Because his following knows how easy it is to fail, to return to old patterns of behavior, to regain the weight, to become isolated and ashamed. We check his blog looking for a sign that he is still holding fast to the program that has gotten him to today. But like recovering alcoholics, we know how easy it is to regree, to "slip" and to start eating compulsively again. We want him to be consistent and to stick to his daily blogs, but his success gives us strength, and hope. We know that if he can stay with his program, that we might be able to do so too. We have invested him with supernatural powers and are in awe of what he has done to save his own life. We are cheering him on as if we know him; and in some ways we do.
Other blogs are cluttered with TMI (too much information). Many of them are about not only a battle with addiction but include battles with depression, divorce, illness an pain. We know that Sean has faced all of those things, but his natural ability to transform himself while managing to stay focused gives us hope and simultaneously scares us to death.
I have a colleague and friend. We are working together on a food-related collaboration in the area which is about good nutrition. Both of us are healthy, but overweight women ith a history of gaining and losing. We have good humor about our history, but know that we have gained weight after losing it, which is the ultimate shame. It is, of ourse, a return to addiction. The addiction which causes overweight is complex. It's cure is daily discipline and a combination of nderstanding, physiological regulation(by eating the right foods in the right amount at the right time of day),and nutrition. It is not an addiction which goes away. It requires a discipline which has to be stronger than that used by the absolutely committed long-term, recovering alcoholic using an old-fashioned, no-excuses, 12 step program. It is sometimes a white knuckle process and learning to feel a bit uncomfortable and hungry for an hour is not the end of the world.

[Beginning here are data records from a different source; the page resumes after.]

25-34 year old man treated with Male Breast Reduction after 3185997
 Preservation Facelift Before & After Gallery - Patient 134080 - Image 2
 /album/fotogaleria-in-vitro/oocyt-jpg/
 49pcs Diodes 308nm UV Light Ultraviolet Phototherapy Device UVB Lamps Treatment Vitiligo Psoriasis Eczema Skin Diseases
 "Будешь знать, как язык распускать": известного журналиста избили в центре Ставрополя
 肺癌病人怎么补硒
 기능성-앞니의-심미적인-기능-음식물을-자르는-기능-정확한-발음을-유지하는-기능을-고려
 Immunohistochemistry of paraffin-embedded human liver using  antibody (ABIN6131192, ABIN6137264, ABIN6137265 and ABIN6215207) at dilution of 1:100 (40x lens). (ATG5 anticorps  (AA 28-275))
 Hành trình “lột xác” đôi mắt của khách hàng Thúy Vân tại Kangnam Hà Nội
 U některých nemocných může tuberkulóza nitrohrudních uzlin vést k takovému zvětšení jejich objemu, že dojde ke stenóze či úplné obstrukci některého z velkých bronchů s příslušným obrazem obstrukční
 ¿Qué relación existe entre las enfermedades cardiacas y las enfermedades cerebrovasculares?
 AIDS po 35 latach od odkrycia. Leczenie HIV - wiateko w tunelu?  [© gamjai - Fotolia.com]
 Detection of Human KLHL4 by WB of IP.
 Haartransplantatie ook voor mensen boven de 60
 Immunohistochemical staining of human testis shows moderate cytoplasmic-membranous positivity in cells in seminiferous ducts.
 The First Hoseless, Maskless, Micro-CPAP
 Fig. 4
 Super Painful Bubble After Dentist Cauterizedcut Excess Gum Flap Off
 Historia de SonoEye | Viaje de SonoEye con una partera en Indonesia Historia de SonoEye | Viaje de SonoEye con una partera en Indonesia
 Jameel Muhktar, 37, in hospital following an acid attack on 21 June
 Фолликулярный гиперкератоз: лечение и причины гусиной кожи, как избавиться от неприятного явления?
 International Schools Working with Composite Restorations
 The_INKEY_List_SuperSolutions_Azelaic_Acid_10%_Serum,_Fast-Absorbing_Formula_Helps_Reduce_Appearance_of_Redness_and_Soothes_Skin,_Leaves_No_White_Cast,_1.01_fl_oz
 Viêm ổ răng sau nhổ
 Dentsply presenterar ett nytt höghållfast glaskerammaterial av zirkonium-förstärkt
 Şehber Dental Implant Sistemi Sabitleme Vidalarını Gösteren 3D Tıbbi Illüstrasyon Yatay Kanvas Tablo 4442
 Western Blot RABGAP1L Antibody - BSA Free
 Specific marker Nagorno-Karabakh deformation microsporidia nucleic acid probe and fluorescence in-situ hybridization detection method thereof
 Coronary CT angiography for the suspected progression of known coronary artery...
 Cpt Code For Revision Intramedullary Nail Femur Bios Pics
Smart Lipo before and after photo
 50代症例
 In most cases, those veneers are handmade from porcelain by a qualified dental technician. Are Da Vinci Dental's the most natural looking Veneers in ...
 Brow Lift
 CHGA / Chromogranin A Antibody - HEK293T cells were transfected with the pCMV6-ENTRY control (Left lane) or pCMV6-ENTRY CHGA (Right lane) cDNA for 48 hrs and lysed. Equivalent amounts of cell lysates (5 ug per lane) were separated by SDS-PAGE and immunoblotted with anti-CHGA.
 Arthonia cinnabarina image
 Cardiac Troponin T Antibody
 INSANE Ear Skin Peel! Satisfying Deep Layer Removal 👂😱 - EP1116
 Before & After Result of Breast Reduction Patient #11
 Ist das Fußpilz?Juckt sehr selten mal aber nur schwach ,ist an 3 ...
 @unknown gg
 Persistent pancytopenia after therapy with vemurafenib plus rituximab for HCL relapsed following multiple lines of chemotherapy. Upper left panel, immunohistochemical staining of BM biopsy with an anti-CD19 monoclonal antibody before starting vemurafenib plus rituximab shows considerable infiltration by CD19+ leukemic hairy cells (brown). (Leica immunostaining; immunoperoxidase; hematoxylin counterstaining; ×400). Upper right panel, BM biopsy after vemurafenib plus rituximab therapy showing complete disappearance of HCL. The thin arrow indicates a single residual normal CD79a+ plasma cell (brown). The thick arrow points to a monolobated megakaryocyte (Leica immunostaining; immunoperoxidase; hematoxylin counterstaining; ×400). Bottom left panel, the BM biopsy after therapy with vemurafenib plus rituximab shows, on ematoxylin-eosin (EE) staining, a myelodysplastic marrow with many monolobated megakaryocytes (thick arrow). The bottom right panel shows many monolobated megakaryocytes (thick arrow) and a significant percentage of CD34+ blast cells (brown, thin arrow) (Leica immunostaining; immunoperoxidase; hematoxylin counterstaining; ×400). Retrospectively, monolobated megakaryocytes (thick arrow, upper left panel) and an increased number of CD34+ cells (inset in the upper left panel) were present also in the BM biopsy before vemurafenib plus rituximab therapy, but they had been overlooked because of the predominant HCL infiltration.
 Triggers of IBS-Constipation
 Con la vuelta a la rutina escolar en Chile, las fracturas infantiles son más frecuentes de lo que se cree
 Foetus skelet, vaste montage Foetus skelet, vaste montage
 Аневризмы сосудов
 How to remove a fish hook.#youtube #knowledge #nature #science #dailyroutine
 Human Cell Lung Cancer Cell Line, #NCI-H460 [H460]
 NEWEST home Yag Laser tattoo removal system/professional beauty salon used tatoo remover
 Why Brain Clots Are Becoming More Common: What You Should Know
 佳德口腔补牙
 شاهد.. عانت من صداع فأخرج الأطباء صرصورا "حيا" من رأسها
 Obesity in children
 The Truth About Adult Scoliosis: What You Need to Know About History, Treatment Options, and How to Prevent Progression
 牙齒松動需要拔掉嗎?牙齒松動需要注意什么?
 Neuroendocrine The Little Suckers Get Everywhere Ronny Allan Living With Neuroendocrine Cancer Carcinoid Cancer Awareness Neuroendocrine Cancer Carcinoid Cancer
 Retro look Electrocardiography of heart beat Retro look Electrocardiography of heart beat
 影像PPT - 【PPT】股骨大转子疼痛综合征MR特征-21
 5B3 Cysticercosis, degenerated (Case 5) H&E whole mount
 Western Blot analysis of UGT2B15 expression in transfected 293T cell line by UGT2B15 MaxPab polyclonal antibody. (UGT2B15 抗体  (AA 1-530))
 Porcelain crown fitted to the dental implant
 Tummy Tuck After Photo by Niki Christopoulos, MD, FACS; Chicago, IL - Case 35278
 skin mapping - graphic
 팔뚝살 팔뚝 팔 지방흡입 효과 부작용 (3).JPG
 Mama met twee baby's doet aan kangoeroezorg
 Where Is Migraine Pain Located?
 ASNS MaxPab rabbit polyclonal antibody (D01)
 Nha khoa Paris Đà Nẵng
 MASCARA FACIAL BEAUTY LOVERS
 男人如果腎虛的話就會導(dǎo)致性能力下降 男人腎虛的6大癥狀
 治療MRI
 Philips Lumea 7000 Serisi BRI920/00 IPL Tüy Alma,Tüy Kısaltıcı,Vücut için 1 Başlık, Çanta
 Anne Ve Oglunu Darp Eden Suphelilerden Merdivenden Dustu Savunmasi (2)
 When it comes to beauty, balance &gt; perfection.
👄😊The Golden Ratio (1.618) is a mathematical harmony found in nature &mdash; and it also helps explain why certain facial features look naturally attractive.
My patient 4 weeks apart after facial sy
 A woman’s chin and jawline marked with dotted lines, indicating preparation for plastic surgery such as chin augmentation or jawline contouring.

Addiction to food is psychological, cultural, social, and physiological. Our drugs come in many forms from a rich an abundant food culture which markets food.Our self-images comfort, and sense of ourselves is wrapped up in food: food cues, food comfort, food chemistry, and food habits. We are compulsive overeaters and that compulsion defines us and our lives and our ability to deal with addiction -- or not -- shapes who we are.
So I pray and hope that Sean Anderson will continue to lose weight and to develop fitness and that he will maintain his weight loss and his health for many years. And I hope that he will blog so that the rest of us can learn from him. But if he does not, I know that the work of "one day at a time" is the work of recovery and that facing food addiction, no matter how complex, is at the core of how I feel about myself, no matter what I do well or don't do so well in my life. And it is Groundhog day -- I have no idea if spring will come early or not. Today I will watch the ice and the snow and work to stay within a plan that has worked for me before: 1200 calorie, 5-6 small meals, and 30 minutes of exercise.
I have eaten a bowl of old-fashioned oatmeal, a serving of 1% milk, a handful of raisins. Following that breakfast, I had a hard boiled egg for mid-morning snack. At noon I had 1/2 cup of cottage cheese and a sprouted wheat bagel. So far, so good. The need to eat 5 fruits and vegetables in a day still eludes me, so I will focus on those things for the rest of my "eating" day.